6.3 Captions. Section
captions used in this Amendment are for convenience only and shall not affect
the construction of this Amendment.
6.4 Governing
Law. THIS AMENDMENT SHALL BE A CONTRACT MADE UNDER AND
GOVERNED BY THE LAWS OF THE STATE OF TEXAS, WITHOUT REGARD TO CONFLICT OF LAWS
PRINCIPLES. Wherever possible each provision of this Amendment shall
be interpreted in such manner as to be effective and valid under applicable
laws, but if any provision of this amendment shall be prohibited by or invalid
under such laws, such provision shall be ineffective to the extent of such
prohibition or invalidity, without invalidating the remainder of such provision
or the remaining provisions of this Amendment.
6.5 Counterparts. This
Amendment may be executed in any number of counterparts, and by the parties
hereto on the same or separate counterparts, and each such counterpart, which
executed and delivered (including by facsimile machine, telecopier, or
electronic mail), shall be deemed to be an original, but all such counterparts
shall together constitute but one and the same Amendment.
6.6 Reference to
Agreement. On and after the date hereof, each reference in the
Agreement to “this Agreement,” “hereunder,” ”hereof,” “herein” or words of like
import, and each reference to the Agreement in any Note and in any other
agreement, document or other instrument executed and delivered pursuant to the
Agreement, shall mean and be a reference to the Agreement.
6.7 Loan
Document.

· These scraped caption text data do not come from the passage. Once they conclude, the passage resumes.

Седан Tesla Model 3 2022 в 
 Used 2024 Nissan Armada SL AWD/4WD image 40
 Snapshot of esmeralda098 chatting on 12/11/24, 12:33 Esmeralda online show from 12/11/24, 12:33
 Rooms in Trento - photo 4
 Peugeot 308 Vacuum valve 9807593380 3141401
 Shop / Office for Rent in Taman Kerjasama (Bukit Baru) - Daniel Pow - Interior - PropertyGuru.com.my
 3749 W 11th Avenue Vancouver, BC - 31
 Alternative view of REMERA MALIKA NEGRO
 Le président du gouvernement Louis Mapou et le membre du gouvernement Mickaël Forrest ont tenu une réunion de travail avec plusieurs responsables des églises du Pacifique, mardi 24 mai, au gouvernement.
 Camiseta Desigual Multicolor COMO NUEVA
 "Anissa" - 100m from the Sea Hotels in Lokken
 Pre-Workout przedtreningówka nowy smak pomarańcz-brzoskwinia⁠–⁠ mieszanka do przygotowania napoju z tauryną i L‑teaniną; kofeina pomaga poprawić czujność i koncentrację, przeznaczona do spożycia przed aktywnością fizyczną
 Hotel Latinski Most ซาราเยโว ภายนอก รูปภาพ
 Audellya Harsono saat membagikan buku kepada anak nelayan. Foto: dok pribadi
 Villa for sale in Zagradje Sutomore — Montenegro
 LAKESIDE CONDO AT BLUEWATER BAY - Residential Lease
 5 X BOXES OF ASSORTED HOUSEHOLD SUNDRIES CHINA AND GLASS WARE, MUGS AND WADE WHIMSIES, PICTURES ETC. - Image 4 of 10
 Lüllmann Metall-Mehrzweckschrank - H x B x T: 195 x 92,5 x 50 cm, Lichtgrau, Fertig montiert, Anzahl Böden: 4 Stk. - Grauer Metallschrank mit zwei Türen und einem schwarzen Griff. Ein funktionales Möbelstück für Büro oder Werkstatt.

This Amendment is a Loan Document and is subject to
all provisions of the Agreement applicable to Loan Documents, all of which are
incorporated in this Amendment by reference the same as if set forth in this
Amendment verbatim.
6.8 Severability. Any
provisions of this Amendment held by a court of competent jurisdiction to be
invalid or unenforceable shall not impair or invalidate the remainder of this
Amendment and the effect thereof shall be confined to the provisions so held to
be invalid or unenforceable.
6.9 Successors and
Assigns. This Amendment shall be binding upon the parties
hereto and their respective successors and assigns, and shall inure to the sole
benefit of the parties hereto and the successors and assigns of the
Lender. Notwithstanding the foregoing, Borrower shall not assign its
rights or duties hereunder without the consent of Lender.
6.10
ENTIRE
AGREEMENT. THE AGREEMENT, AS
AMENDED BY THIS AMENDMENT, AND THE OTHER LOAN DOCUMENTS REPRESENT THE FINAL
AGREEMENT BETWEEN THE PARTIES AND MAY NOT BE CONTRADICTED BY EVIDENCE OF PRIOR,
CONTEMPORANEOUS, OR SUBSEQUENT ORAL AGREEMENTS OF THE PARTIES. THERE
ARE NO UNWRITTEN ORAL AGREEMENTS BETWEEN THE PARTIES.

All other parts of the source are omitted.